- **EXERCISE INSTRUCTIONS**
From the first line to the last, copy the data exactly and drop the pictures.

======== GIVEN DATA

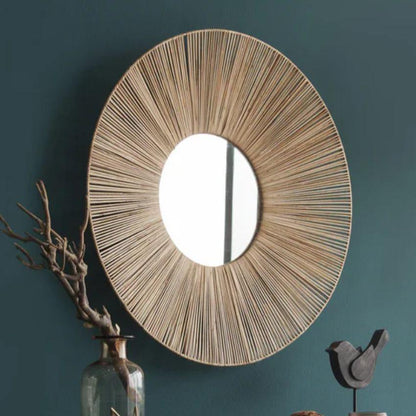 Round Naturan Rattan Mirror  | 24 x 24 inches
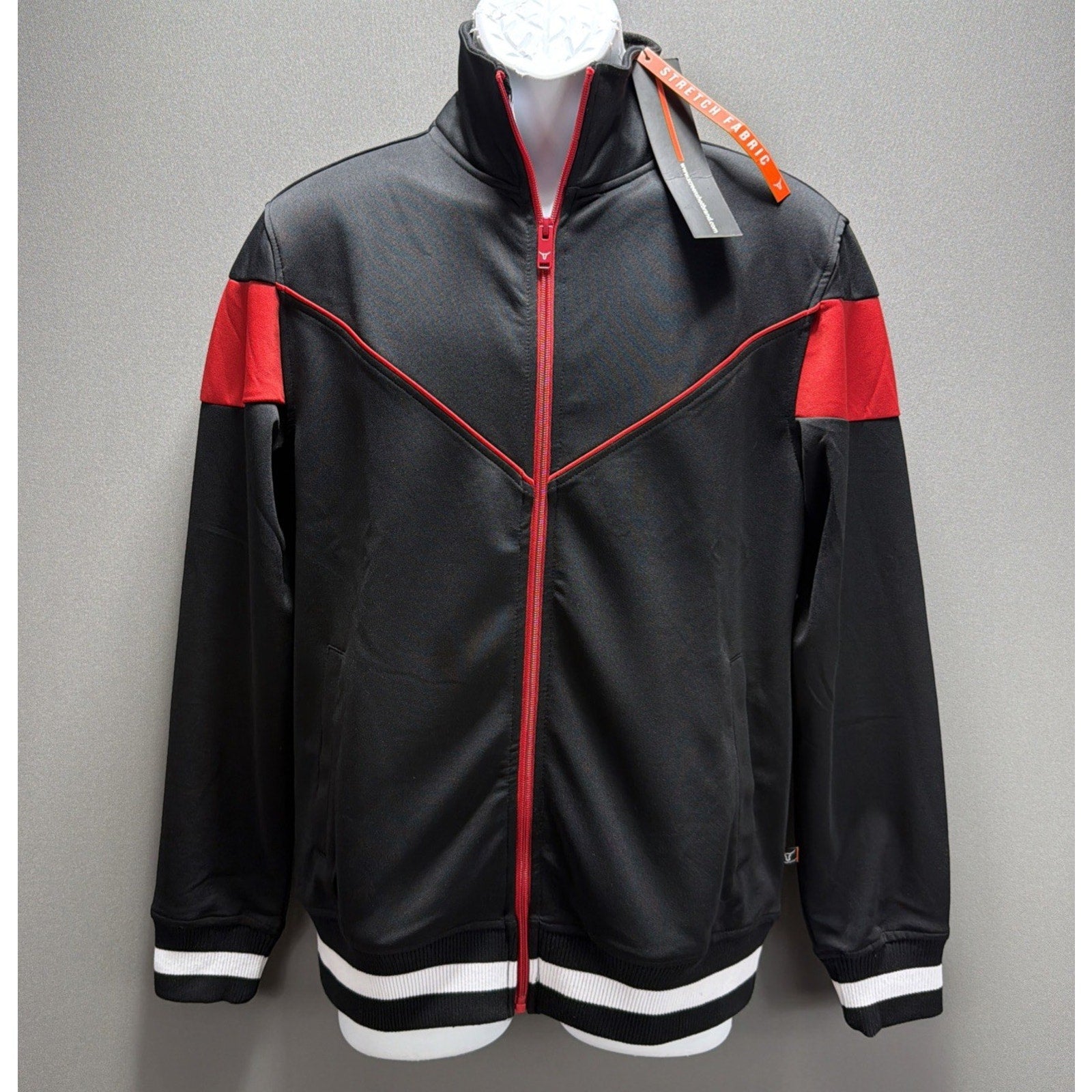 SCREENSHOT F11956 Men's Premium Track Athletic Jacket Size SMALL Black Red New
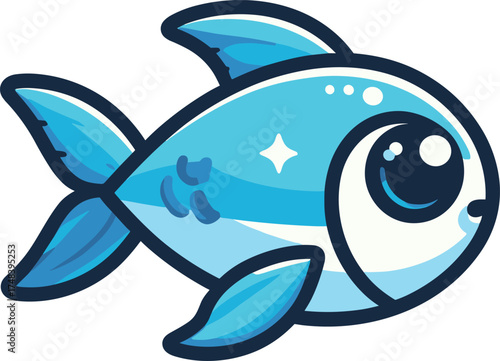 かわいい青い魚のイラスト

================

- **RESULT OF THIS EXERCISE**
 Round Naturan Rattan Mirror  | 24 x 24 inches
 SCREENSHOT F11956 Men's Premium Track Athletic Jacket Size SMALL Black Red New
 かわいい青い魚のイラスト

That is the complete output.